她朝菲尔投去一个无奈的目光,然后从椅子上站起来,走到门外。 无弹出广告文本小说站
她又被罚站了。
很显然这是生物课。
爱捷珂廉娅靠着墙叹气。
现在,几乎每堂生物课她都会被那个老太点起来回答问题,然后每次都会因为没法回答而被罚站。
虽然她很愿意站在门外,不听那个苍老的声音冗长的碎碎念,但是她更希望坐在椅子上。
右脚真的很碍事。
她慢慢把右脚抬起来,把全身的力压在左脚上。
不过没多久她就站不稳了,只好把右脚放下来。
可是右脚一碰到地面就疼。
渐渐的,疼痛侵蚀着她的右脚,慢慢失去知觉。
她低下头,懊恼的看着右脚。
因为那个恶心的伤口,她都没有穿短裙了。长长的裙子一直罩着她的脚跟。
她看见一条红色的液体顺着脚骨留下来。
她猛地提起裙子。
恶心的伤本来就没有愈合的迹象,现在倒是更大了。
很快红色的液体就浸湿了她的鞋。
本应该就这么离开去医务室的,但是鬼使神差的她放下了裙子,继续靠墙站着。
麻木的右脚让她心生怨恨。
半节课过去了,老师走出来,看都没看她一眼就径直离开。
爱捷珂廉娅轻轻笑起来。
她若无其事的走进教室。
等走过一段距离,她身后的一个天使叫起来:”啊……血!”
她经过的地方,留下一条狰狞的血迹。
天使们顺着红色的血迹注意到她的脚踝。
她慢慢低下头,看着自己那只早已没有知觉的右脚。
菲尔本来已经快要走到她面前了,看到那血迹,他立刻走到她面前,抱起她飞奔出教室。
血,流了一地。
“你不会说一声么?”菲尔恼怒的看着坐在医务室沙发上的爱捷珂廉娅。
“没感觉啊。”爱捷珂廉娅笑起来。
“你……”他准备说什么,却被突然到来的气息打断了。
强烈的气息过后,医务室里多了一个人。
“希尔克林殿下……”菲尔转身向他行礼。
“你可以出去了。”红瞳直接越过他,看着他身后的爱捷珂廉娅。
“是。”菲尔看了一眼爱捷珂廉娅,然后离开。
“所以,你这又是怎么了?”菲斯德勒慢慢走到她身旁。
鞋跟敲打着地面,发出一种说不出来的怪异的响声。
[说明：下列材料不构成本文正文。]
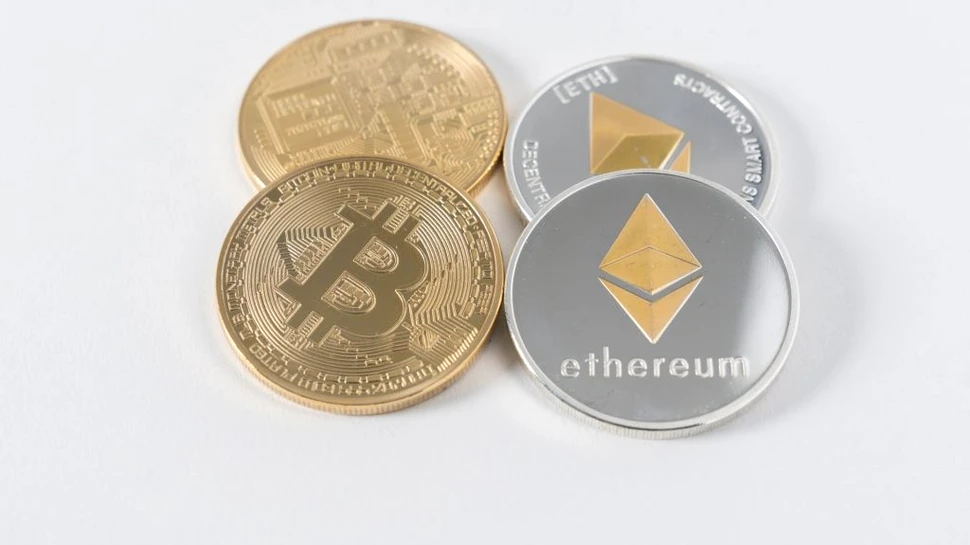 Avertismentul unui oficial al Băncii Angliei! Criptomonedele ar putea provoca o criză ca cea din 2008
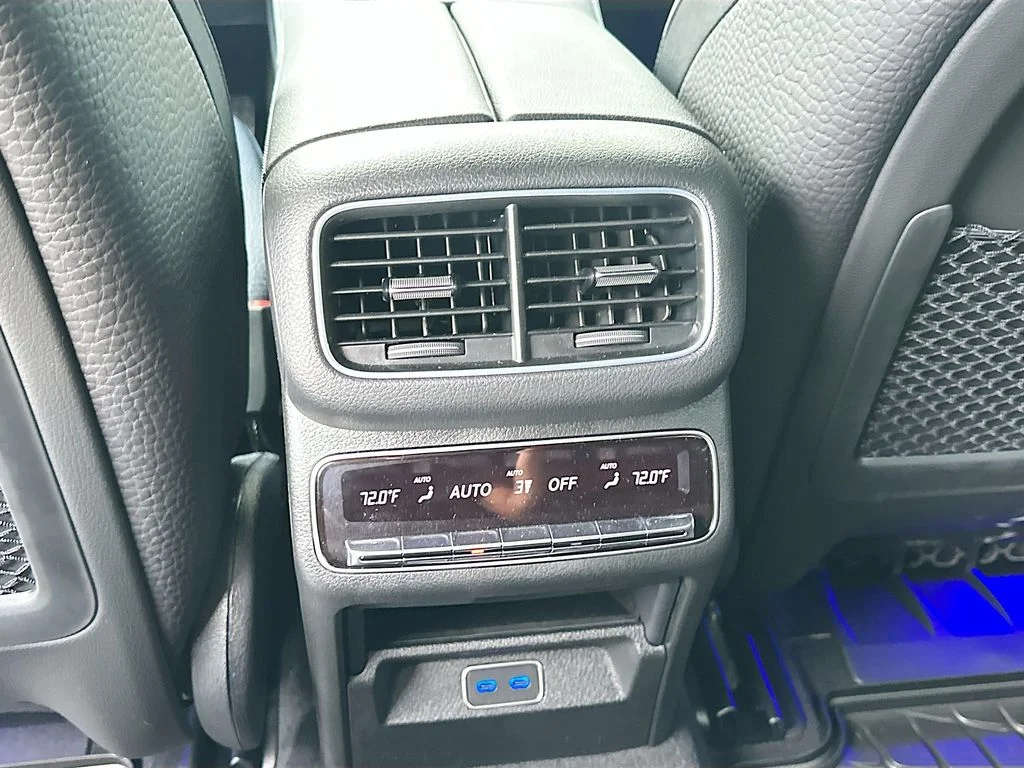 Used 2026  Mercedes-Benz GLS 580 image 27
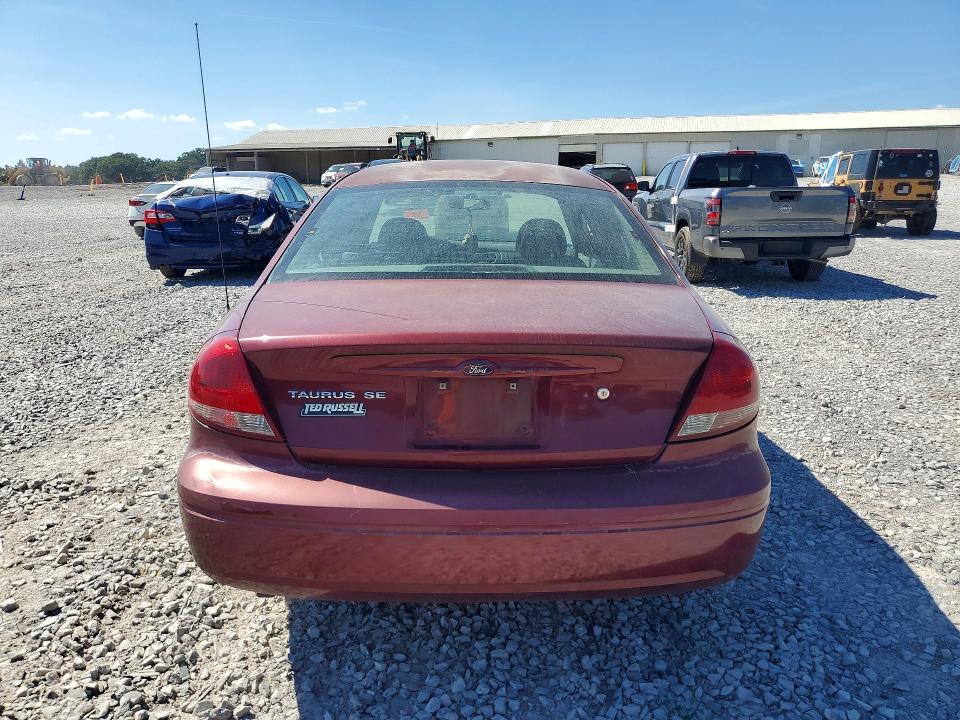 2005 Ford Taurus SE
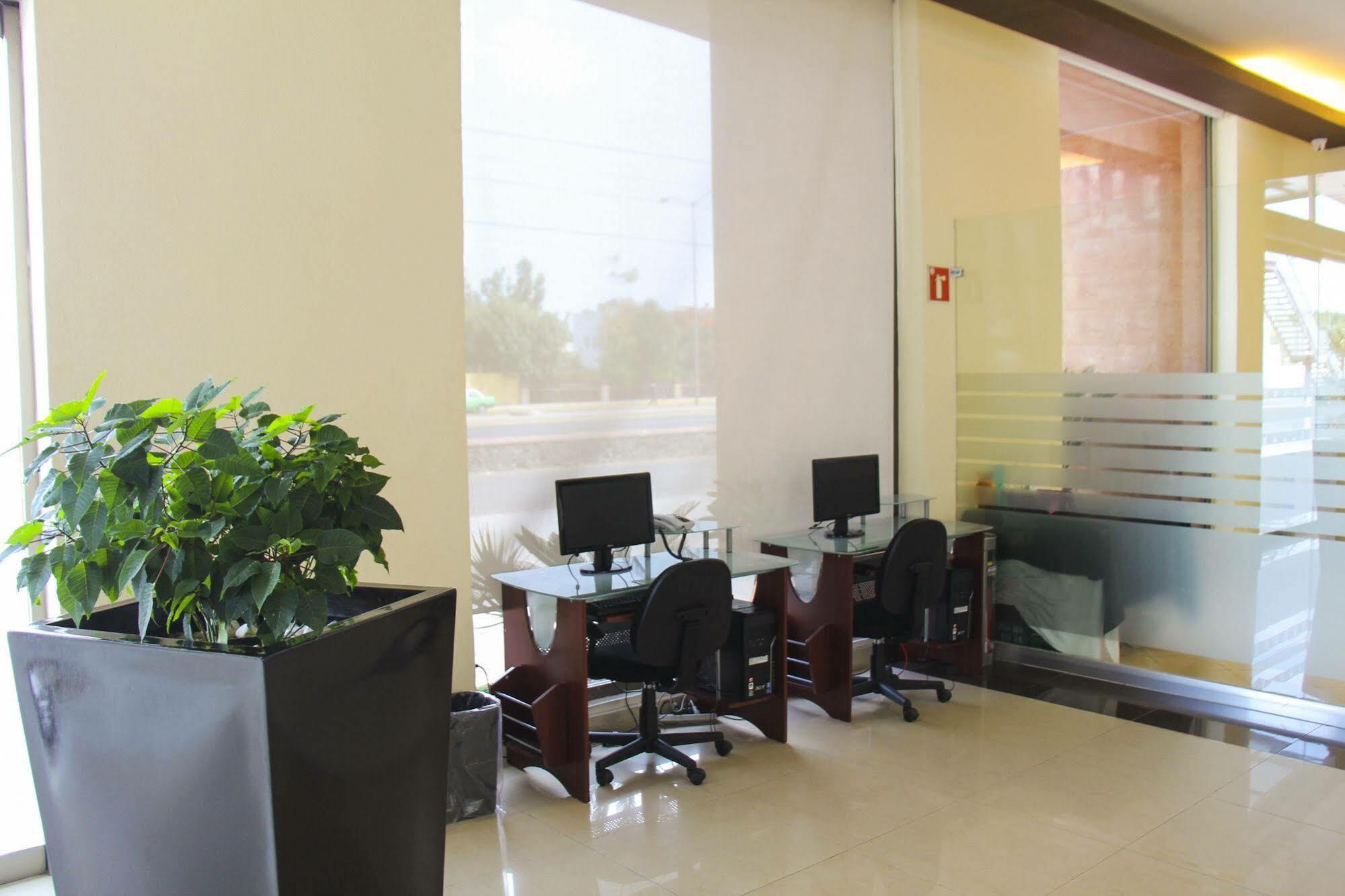 Hotel Soleil Business Class Celaya Exterior photo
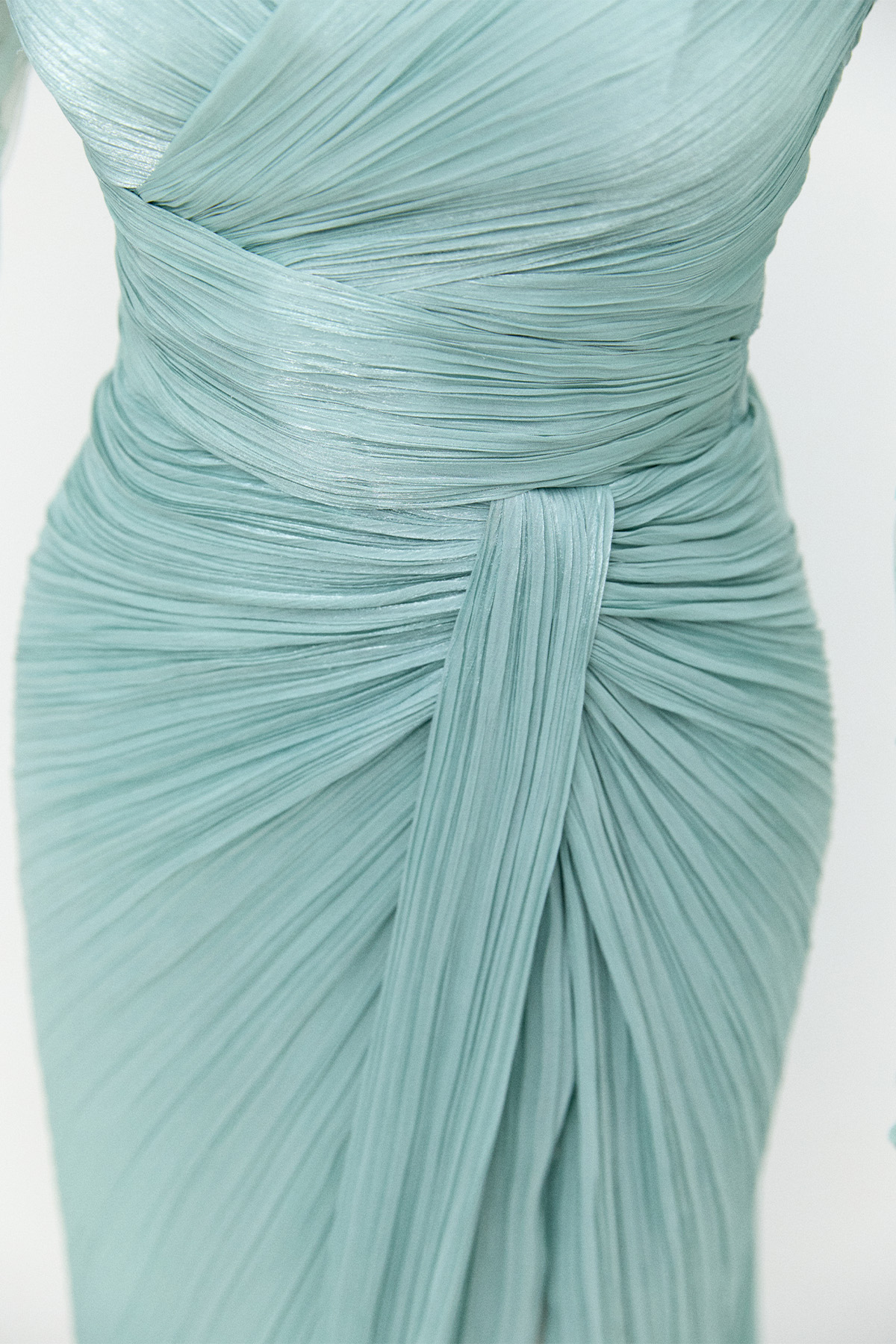 Uzun Kollu Abiye Elbise, Tesettür Giyim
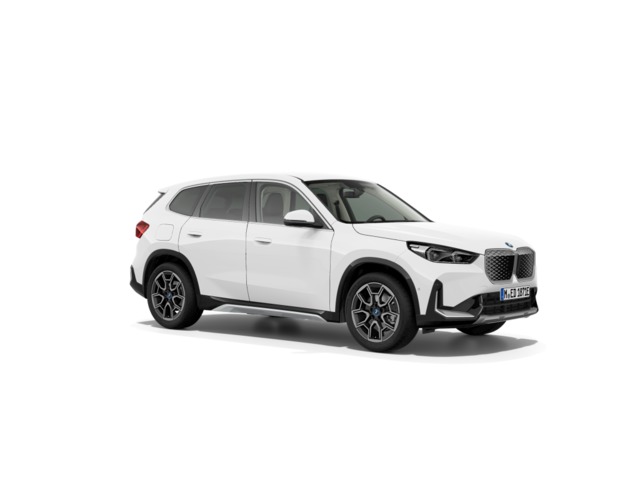 BMW iX1 eDrive20 color Blanco. Año 2025. 150KW(204CV). Eléctrico. En concesionario Motor Munich - Terrassa - VO de Barcelona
爱捷珂廉娅的心脏也跟着跳动。
“没有呀,就是像往常一样被罚站,然后就……”她跷起右脚,看了一眼,然后又放下,咯咯的笑起来,”都没有感觉了,真好玩。”
“有意思么?”菲斯德勒看着她的笑容,冷冷的问。
“……还好吧。”她收起笑容,耸了耸肩,看向别处。
本来已经止住的血液又源源不断的涌出来。
他蹲下来,轻轻碰着那只被血液染红的脚。
橙色的光芒渐渐覆盖了血液。那光芒一直延伸到脚踝。暖意升起。
爱捷珂廉娅低头看着他。
他低着头,银色的刘海挡住了他的眼睛,阴影落在他的嘴角。
“静静流淌的时光啊,
“你可否等等我?
“等我捧住了飘落的花瓣,
“等我抓住了飞舞的蝴蝶,
“等我抱住了疲惫的身躯,
“你再流淌。
“悄悄消逝的灵魂啊,
“你可否等等我?
“等我洗清了血染的双手,
“等我看清了迷途的未来,
“等我弄清了圣洁的意义,
“你再消逝……”
她轻轻的歌声在安静的医务室里响起。她轻轻晃动着左脚。
红瞳映入了她的视线。
她停下来,看着那双眼睛。
“你真是冷漠。”她先开口。
“知道就好。”
“那次,真不给我面子。”她倒向他怀里。
“哪次?”
“从地狱回来那天。”她声音很轻。近似空灵。
“真记仇。”
“没办法,是你的仇。”
她坐起来,在他脸颊上留下一个轻吻,然后起身慢慢走出医务室。
这一点她们倒是一样,总是在临走之前留下点什么,然后那近似阴魂不散的感觉时常能把人整疯。
窗外那棕色的瞳孔慢慢合上,然后转身离开。
那双高傲的蓝瞳,永远只会仰望。
仰望比她还要高的东西。
而那双红瞳,只愿俯视。俯视一切。
蓝红相映,容不下别人。
“尼斐,十字守护的那个不错的生物老师已经老了。换了吧。”
“殿下……您是说……”
“是的。”
“可是……”
红瞳从书中抬起。尼斐立刻低下头:”是,殿下。”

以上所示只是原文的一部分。